The Gold Dome

 The gold dome that provides a sentinel over downtown Denver is home of the Colorado Capitol and the annual General Assembly.

In the waning days of the 2021 legislative session, lawmakers under the Gold Dome are putting the finishing touches on the $800 million Colorado Recovery Plan stimulus package.

Between the House and Senate, lawmakers this week advanced 20 bills through the legislative process and on to Gov. Jared Polis’ desk.

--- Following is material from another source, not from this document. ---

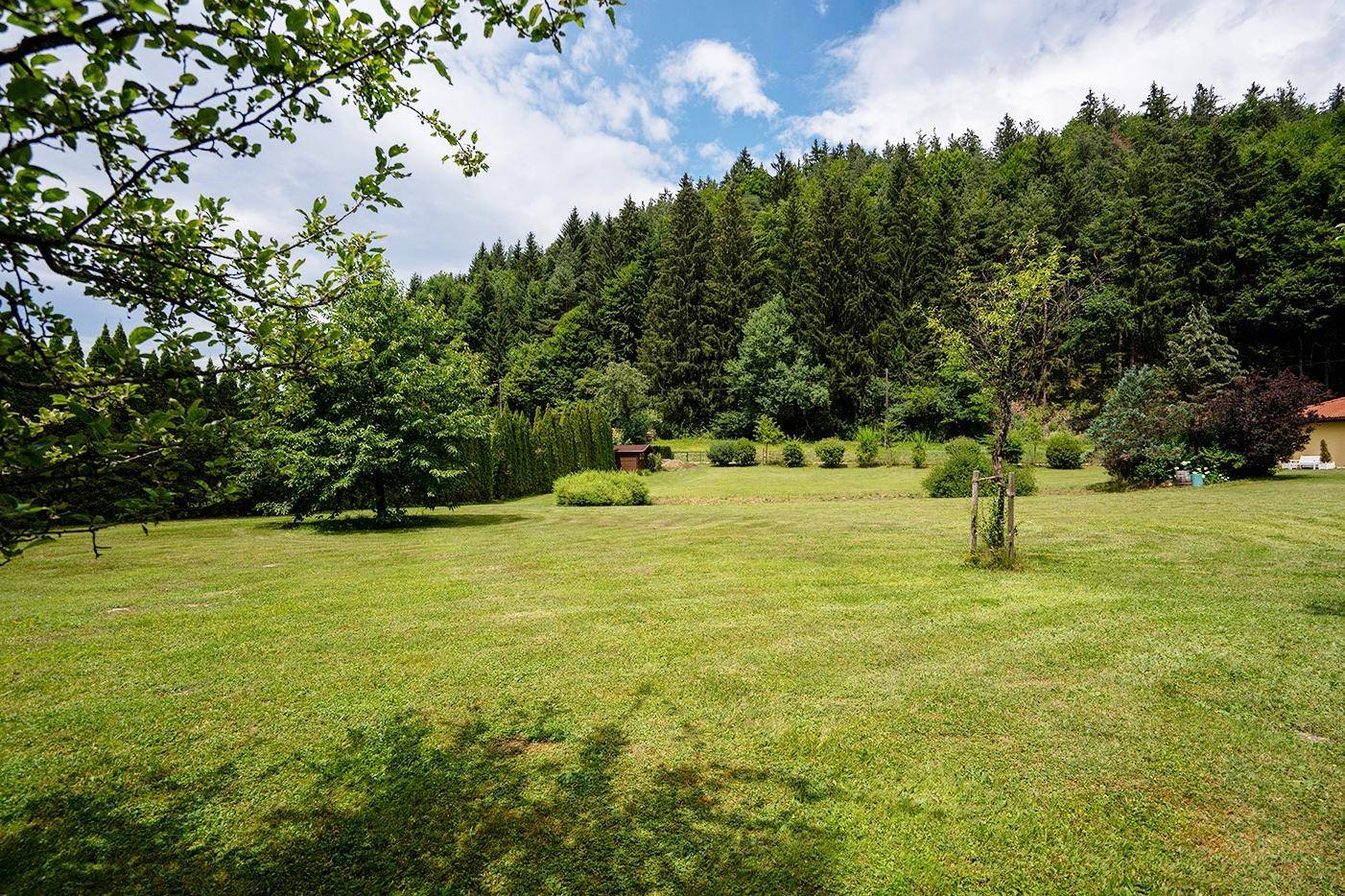 Idyllischer, weitläufiger Garten mit altem Baumbestand und viel Grünfläche, umgeben von Wald.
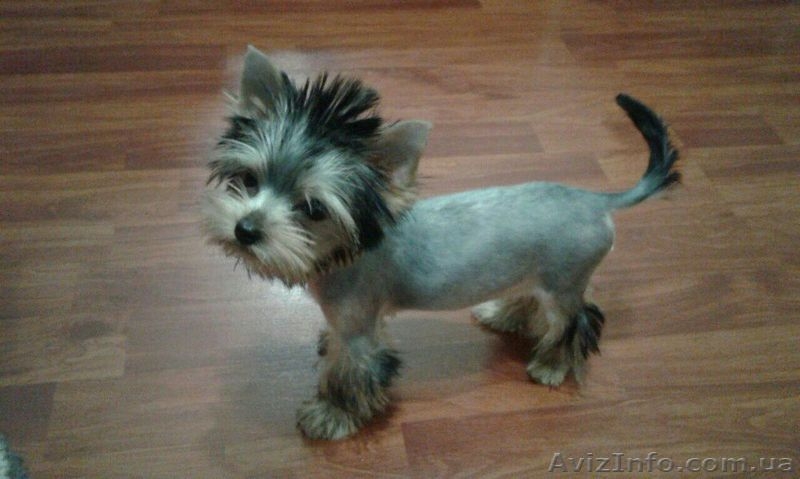 Стрижка собак и кошек любой породы. Выезд на дом Бесплатно - <ro>Изображение</ro><ru>Изображение</ru> #4, <ru>Объявление</ru> #1546507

Those include:

  • House Bill 1104, which seeks to extend the licensing period for educators from five to seven years;
  • House Bill 1149, which asks a number of state agencies to develop career pathways for the energy sector;
  • House Bill 1234, which aims to provide just under $5 million in grants to local education providers for high-impact tutoring to address learning loss brought about by the COVID-19 pandemic.
  • House Bill 1253, a $5 million measure for grants for renewable and clean energy projects;
  • House Bill 1263, a $10 million program to incentivize meetings and events in Colorado;
  • House Bill 1265, which would allow restaurants, bars, caterers and other food and beverage service providers to deduct up to $70,000 each month from state net taxable sales between June and August of this year;
  • House Bill 1270, which would put $3 million into the Colorado Employment First Program in an effort to draw down a matching total from the federal government for counties and third-party organizations to provide employment support, job retention services and work-based learning opportunities;
  • House Bill 1290, a $15 million measure to put funding behind Colorado’s plan to support workers and communities reliant on jobs in coal mines and factories;
  • House Bill 1302, which would send $15 million to the Office of Economic Development to continue a grant program approved last year to support small businesses impacted by the pandemic;
  • Senate Bill 202, which would put $10 million toward public school air quality improvement projects;
  • Senate Bill 203, a $2.5 million measure promoting food grown in Colorado;
  • Senate Bill 204, which would put $5 million toward a pair of rural economic development grant programs administered by the Department of Local Affairs;
  • Senate Bill 229, which creates a grant program for businesses that open in a designated rural jump-start zone;
  • Senate Bill 230, which would send $40 million to the Colorado Energy Office, a bulk of which would go toward the office’s former chief operating officer who now runs the Colorado Clean Energy Fund, which he set up while he was still in the state energy office;
  • Senate Bill 231, a $3 million measure funding grants to help low-income households bring down their energy costs and insulate their houses;
  • Senate Bill 235, which would send the Department of Agriculture $5 million for energy efficiency and soil health programs;
  • Senate Bill 236, which seeks to create four early childhood care and education grant programs as well as make changes, including eliminating the repeal date, of two existing childcare grant programs;
  • Senate Bill 239, which would require the Colorado 2-1-1 Collaborative to provide referrals to behavioral health services;
  • Senate Bill 252, a measure that puts $65 million toward projects that create or revitalize mixed-use commercial centers in small town Colorado; and
  • Senate Bill 241, which creates the Small Business Accelerated Growth Program, which is designed to provide business development support for companies or businesses with fewer than 19 employees.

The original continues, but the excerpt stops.